### [DIRECTIONS]
Please print all the lines below exactly as they are written.

====== DATA SUPPLIED

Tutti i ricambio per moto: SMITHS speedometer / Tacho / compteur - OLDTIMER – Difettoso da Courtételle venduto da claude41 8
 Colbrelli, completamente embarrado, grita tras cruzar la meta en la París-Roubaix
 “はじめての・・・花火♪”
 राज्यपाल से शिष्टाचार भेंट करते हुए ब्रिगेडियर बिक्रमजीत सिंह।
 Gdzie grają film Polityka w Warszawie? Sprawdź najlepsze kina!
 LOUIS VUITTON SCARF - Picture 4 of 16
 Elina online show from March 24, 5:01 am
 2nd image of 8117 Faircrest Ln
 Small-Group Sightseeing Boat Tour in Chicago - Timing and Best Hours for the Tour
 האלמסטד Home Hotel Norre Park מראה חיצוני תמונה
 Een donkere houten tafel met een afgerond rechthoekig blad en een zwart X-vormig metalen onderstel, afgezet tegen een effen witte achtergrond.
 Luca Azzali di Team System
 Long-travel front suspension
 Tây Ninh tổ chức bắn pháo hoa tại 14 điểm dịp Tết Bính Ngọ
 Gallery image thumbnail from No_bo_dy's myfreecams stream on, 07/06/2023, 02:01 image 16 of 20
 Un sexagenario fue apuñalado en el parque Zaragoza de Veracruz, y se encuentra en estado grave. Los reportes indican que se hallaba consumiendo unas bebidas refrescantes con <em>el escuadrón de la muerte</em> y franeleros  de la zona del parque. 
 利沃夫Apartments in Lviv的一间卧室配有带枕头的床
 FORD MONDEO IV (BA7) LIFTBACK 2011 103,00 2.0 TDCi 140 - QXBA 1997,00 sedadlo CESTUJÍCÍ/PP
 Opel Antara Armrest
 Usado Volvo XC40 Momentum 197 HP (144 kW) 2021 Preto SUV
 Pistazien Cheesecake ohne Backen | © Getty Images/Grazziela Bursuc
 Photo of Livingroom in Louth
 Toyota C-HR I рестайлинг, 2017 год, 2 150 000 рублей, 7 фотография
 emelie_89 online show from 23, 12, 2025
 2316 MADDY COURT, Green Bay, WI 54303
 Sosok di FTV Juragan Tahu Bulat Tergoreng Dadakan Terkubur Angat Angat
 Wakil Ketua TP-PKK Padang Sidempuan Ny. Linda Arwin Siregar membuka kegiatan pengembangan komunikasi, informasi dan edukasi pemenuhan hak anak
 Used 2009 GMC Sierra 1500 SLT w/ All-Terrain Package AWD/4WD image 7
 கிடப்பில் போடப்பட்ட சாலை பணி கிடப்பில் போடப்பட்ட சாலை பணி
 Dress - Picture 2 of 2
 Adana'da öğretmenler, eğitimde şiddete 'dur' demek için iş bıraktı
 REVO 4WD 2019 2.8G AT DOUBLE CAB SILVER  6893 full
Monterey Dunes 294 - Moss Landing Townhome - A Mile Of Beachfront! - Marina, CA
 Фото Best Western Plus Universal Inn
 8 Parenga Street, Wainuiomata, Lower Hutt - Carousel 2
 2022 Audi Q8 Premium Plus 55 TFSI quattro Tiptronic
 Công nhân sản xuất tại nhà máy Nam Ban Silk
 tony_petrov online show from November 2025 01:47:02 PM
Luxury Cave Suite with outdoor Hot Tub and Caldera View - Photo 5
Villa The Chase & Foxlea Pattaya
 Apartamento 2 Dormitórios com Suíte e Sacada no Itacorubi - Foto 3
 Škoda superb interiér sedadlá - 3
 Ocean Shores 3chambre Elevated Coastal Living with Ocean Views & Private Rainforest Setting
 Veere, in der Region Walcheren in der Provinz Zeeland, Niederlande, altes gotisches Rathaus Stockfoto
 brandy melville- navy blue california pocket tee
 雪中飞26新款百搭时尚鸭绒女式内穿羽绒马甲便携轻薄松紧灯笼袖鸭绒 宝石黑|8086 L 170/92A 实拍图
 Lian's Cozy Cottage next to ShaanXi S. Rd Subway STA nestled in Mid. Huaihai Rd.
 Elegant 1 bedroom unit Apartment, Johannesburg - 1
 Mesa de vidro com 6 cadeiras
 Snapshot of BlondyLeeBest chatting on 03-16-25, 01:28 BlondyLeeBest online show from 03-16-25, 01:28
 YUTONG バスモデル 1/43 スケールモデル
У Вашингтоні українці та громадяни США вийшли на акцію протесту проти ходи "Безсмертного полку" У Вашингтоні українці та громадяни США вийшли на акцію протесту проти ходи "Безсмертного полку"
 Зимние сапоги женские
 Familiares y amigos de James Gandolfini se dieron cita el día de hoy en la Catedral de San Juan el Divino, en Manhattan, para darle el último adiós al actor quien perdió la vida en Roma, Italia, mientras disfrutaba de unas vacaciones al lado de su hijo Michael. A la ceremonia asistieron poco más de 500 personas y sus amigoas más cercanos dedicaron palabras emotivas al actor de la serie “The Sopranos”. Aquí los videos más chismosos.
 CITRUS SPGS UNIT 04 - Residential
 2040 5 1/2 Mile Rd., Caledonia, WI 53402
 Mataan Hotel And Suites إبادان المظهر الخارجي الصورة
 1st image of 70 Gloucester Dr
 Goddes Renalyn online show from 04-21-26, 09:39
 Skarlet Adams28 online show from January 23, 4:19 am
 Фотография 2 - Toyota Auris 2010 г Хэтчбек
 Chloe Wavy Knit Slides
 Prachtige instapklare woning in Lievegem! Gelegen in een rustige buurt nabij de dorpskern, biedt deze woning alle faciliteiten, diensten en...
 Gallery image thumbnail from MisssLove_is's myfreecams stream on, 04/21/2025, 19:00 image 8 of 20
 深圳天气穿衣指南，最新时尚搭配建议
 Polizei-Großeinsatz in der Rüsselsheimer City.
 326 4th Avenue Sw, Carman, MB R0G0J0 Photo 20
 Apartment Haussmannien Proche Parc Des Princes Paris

============

### [ANSWER AREA]
Tutti i ricambio per moto: SMITHS speedometer / Tacho / compteur - OLDTIMER – Difettoso da Courtételle venduto da claude41 8
 Colbrelli, completamente embarrado, grita tras cruzar la meta en la París-Roubaix
 “はじめての・・・花火♪”
 राज्यपाल से शिष्टाचार भेंट करते हुए ब्रिगेडियर बिक्रमजीत सिंह।
 Gdzie grają film Polityka w Warszawie? Sprawdź najlepsze kina!
 LOUIS VUITTON SCARF - Picture 4 of 16
 Elina online show from March 24, 5:01 am
 2nd image of 8117 Faircrest Ln
 Small-Group Sightseeing Boat Tour in Chicago - Timing and Best Hours for the Tour
 האלמסטד Home Hotel Norre Park מראה חיצוני תמונה
 Een donkere houten tafel met een afgerond rechthoekig blad en een zwart X-vormig metalen onderstel, afgezet tegen een effen witte achtergrond.
 Luca Azzali di Team System
 Long-travel front suspension
 Tây Ninh tổ chức bắn pháo hoa tại 14 điểm dịp Tết Bính Ngọ
 Gallery image thumbnail from No_bo_dy's myfreecams stream on, 07/06/2023, 02:01 image 16 of 20
 Un sexagenario fue apuñalado en el parque Zaragoza de Veracruz, y se encuentra en estado grave. Los reportes indican que se hallaba consumiendo unas bebidas refrescantes con <em>el escuadrón de la muerte</em> y franeleros  de la zona del parque. 
 利沃夫Apartments in Lviv的一间卧室配有带枕头的床
 FORD MONDEO IV (BA7) LIFTBACK 2011 103,00 2.0 TDCi 140 - QXBA 1997,00 sedadlo CESTUJÍCÍ/PP
 Opel Antara Armrest
 Usado Volvo XC40 Momentum 197 HP (144 kW) 2021 Preto SUV
 Pistazien Cheesecake ohne Backen | © Getty Images/Grazziela Bursuc
 Photo of Livingroom in Louth
 Toyota C-HR I рестайлинг, 2017 год, 2 150 000 рублей, 7 фотография
 emelie_89 online show from 23, 12, 2025
 2316 MADDY COURT, Green Bay, WI 54303
 Sosok di FTV Juragan Tahu Bulat Tergoreng Dadakan Terkubur Angat Angat
 Wakil Ketua TP-PKK Padang Sidempuan Ny. Linda Arwin Siregar membuka kegiatan pengembangan komunikasi, informasi dan edukasi pemenuhan hak anak
 Used 2009 GMC Sierra 1500 SLT w/ All-Terrain Package AWD/4WD image 7
 கிடப்பில் போடப்பட்ட சாலை பணி கிடப்பில் போடப்பட்ட சாலை பணி
 Dress - Picture 2 of 2
 Adana'da öğretmenler, eğitimde şiddete 'dur' demek için iş bıraktı
 REVO 4WD 2019 2.8G AT DOUBLE CAB SILVER  6893 full
Monterey Dunes 294 - Moss Landing Townhome - A Mile Of Beachfront! - Marina, CA
 Фото Best Western Plus Universal Inn
 8 Parenga Street, Wainuiomata, Lower Hutt - Carousel 2
 2022 Audi Q8 Premium Plus 55 TFSI quattro Tiptronic
 Công nhân sản xuất tại nhà máy Nam Ban Silk
 tony_petrov online show from November 2025 01:47:02 PM
Luxury Cave Suite with outdoor Hot Tub and Caldera View - Photo 5
Villa The Chase & Foxlea Pattaya
 Apartamento 2 Dormitórios com Suíte e Sacada no Itacorubi - Foto 3
 Škoda superb interiér sedadlá - 3
 Ocean Shores 3chambre Elevated Coastal Living with Ocean Views & Private Rainforest Setting
 Veere, in der Region Walcheren in der Provinz Zeeland, Niederlande, altes gotisches Rathaus Stockfoto
 brandy melville- navy blue california pocket tee
 雪中飞26新款百搭时尚鸭绒女式内穿羽绒马甲便携轻薄松紧灯笼袖鸭绒 宝石黑|8086 L 170/92A 实拍图
 Lian's Cozy Cottage next to ShaanXi S. Rd Subway STA nestled in Mid. Huaihai Rd.
 Elegant 1 bedroom unit Apartment, Johannesburg - 1
 Mesa de vidro com 6 cadeiras
 Snapshot of BlondyLeeBest chatting on 03-16-25, 01:28 BlondyLeeBest online show from 03-16-25, 01:28
 YUTONG バスモデル 1/43 スケールモデル
У Вашингтоні українці та громадяни США вийшли на акцію протесту проти ходи "Безсмертного полку" У Вашингтоні українці та громадяни США вийшли на акцію протесту проти ходи "Безсмертного полку"
 Зимние сапоги женские
 Familiares y amigos de James Gandolfini se dieron cita el día de hoy en la Catedral de San Juan el Divino, en Manhattan, para darle el último adiós al actor quien perdió la vida en Roma, Italia, mientras disfrutaba de unas vacaciones al lado de su hijo Michael. A la ceremonia asistieron poco más de 500 personas y sus amigoas más cercanos dedicaron palabras emotivas al actor de la serie “The Sopranos”. Aquí los videos más chismosos.
 CITRUS SPGS UNIT 04 - Residential
 2040 5 1/2 Mile Rd., Caledonia, WI 53402
 Mataan Hotel And Suites إبادان المظهر الخارجي الصورة
 1st image of 70 Gloucester Dr
 Goddes Renalyn online show from 04-21-26, 09:39
 Skarlet Adams28 online show from January 23, 4:19 am
 Фотография 2 - Toyota Auris 2010 г Хэтчбек
 Chloe Wavy Knit Slides
 Prachtige instapklare woning in Lievegem! Gelegen in een rustige buurt nabij de dorpskern, biedt deze woning alle faciliteiten, diensten en...
 Gallery image thumbnail from MisssLove_is's myfreecams stream on, 04/21/2025, 19:00 image 8 of 20
 深圳天气穿衣指南，最新时尚搭配建议
 Polizei-Großeinsatz in der Rüsselsheimer City.
 326 4th Avenue Sw, Carman, MB R0G0J0 Photo 20
 Apartment Haussmannien Proche Parc Des Princes Paris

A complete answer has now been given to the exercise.